Please provide the entries below again, word for word.

*** Data to use Section Begins ***

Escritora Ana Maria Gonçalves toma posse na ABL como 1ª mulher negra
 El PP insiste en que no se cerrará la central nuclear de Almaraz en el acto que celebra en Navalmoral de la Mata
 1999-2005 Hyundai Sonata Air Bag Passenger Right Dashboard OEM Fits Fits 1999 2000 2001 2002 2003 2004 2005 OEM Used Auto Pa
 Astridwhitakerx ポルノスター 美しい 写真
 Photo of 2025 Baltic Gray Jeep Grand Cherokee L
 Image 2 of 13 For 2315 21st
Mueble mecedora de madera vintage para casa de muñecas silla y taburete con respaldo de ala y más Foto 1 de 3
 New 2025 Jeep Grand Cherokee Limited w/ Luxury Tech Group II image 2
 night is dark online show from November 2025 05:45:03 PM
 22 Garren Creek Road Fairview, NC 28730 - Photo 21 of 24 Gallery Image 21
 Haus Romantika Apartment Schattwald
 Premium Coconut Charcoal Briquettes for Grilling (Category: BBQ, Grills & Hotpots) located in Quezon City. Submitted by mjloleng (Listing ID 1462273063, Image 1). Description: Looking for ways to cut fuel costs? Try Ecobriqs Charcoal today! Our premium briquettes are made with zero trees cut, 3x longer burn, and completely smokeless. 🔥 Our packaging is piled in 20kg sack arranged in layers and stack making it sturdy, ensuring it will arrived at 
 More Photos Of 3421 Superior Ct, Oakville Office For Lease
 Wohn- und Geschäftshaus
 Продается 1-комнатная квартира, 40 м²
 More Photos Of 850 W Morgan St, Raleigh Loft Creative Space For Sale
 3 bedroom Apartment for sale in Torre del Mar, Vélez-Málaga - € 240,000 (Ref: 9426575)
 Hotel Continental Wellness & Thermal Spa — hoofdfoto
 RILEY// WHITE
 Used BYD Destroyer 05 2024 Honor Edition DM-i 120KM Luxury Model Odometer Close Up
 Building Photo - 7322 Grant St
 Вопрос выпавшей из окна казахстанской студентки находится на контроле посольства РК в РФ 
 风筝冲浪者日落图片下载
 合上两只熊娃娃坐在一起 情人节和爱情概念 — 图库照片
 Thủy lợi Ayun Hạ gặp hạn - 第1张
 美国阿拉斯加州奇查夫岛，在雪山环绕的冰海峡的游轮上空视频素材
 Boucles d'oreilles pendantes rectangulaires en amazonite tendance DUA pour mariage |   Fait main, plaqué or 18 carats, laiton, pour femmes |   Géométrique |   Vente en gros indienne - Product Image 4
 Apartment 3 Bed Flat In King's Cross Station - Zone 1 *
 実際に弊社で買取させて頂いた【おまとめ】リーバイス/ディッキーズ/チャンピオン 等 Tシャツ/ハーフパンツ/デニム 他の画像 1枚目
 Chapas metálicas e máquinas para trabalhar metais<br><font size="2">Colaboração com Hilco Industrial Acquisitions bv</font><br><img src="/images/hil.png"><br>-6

*** Data to use Section Ends ***

=== Result of the exercise ===
Escritora Ana Maria Gonçalves toma posse na ABL como 1ª mulher negra
 El PP insiste en que no se cerrará la central nuclear de Almaraz en el acto que celebra en Navalmoral de la Mata
 1999-2005 Hyundai Sonata Air Bag Passenger Right Dashboard OEM Fits Fits 1999 2000 2001 2002 2003 2004 2005 OEM Used Auto Pa
 Astridwhitakerx ポルノスター 美しい 写真
 Photo of 2025 Baltic Gray Jeep Grand Cherokee L
 Image 2 of 13 For 2315 21st
Mueble mecedora de madera vintage para casa de muñecas silla y taburete con respaldo de ala y más Foto 1 de 3
 New 2025 Jeep Grand Cherokee Limited w/ Luxury Tech Group II image 2
 night is dark online show from November 2025 05:45:03 PM
 22 Garren Creek Road Fairview, NC 28730 - Photo 21 of 24 Gallery Image 21
 Haus Romantika Apartment Schattwald
 Premium Coconut Charcoal Briquettes for Grilling (Category: BBQ, Grills & Hotpots) located in Quezon City. Submitted by mjloleng (Listing ID 1462273063, Image 1). Description: Looking for ways to cut fuel costs? Try Ecobriqs Charcoal today! Our premium briquettes are made with zero trees cut, 3x longer burn, and completely smokeless. 🔥 Our packaging is piled in 20kg sack arranged in layers and stack making it sturdy, ensuring it will arrived at 
 More Photos Of 3421 Superior Ct, Oakville Office For Lease
 Wohn- und Geschäftshaus
 Продается 1-комнатная квартира, 40 м²
 More Photos Of 850 W Morgan St, Raleigh Loft Creative Space For Sale
 3 bedroom Apartment for sale in Torre del Mar, Vélez-Málaga - € 240,000 (Ref: 9426575)
 Hotel Continental Wellness & Thermal Spa — hoofdfoto
 RILEY// WHITE
 Used BYD Destroyer 05 2024 Honor Edition DM-i 120KM Luxury Model Odometer Close Up
 Building Photo - 7322 Grant St
 Вопрос выпавшей из окна казахстанской студентки находится на контроле посольства РК в РФ 
 风筝冲浪者日落图片下载
 合上两只熊娃娃坐在一起 情人节和爱情概念 — 图库照片
 Thủy lợi Ayun Hạ gặp hạn - 第1张
 美国阿拉斯加州奇查夫岛，在雪山环绕的冰海峡的游轮上空视频素材
 Boucles d'oreilles pendantes rectangulaires en amazonite tendance DUA pour mariage |   Fait main, plaqué or 18 carats, laiton, pour femmes |   Géométrique |   Vente en gros indienne - Product Image 4
 Apartment 3 Bed Flat In King's Cross Station - Zone 1 *
 実際に弊社で買取させて頂いた【おまとめ】リーバイス/ディッキーズ/チャンピオン 等 Tシャツ/ハーフパンツ/デニム 他の画像 1枚目
 Chapas metálicas e máquinas para trabalhar metais<br><font size="2">Colaboração com Hilco Industrial Acquisitions bv</font><br><img src="/images/hil.png"><br>-6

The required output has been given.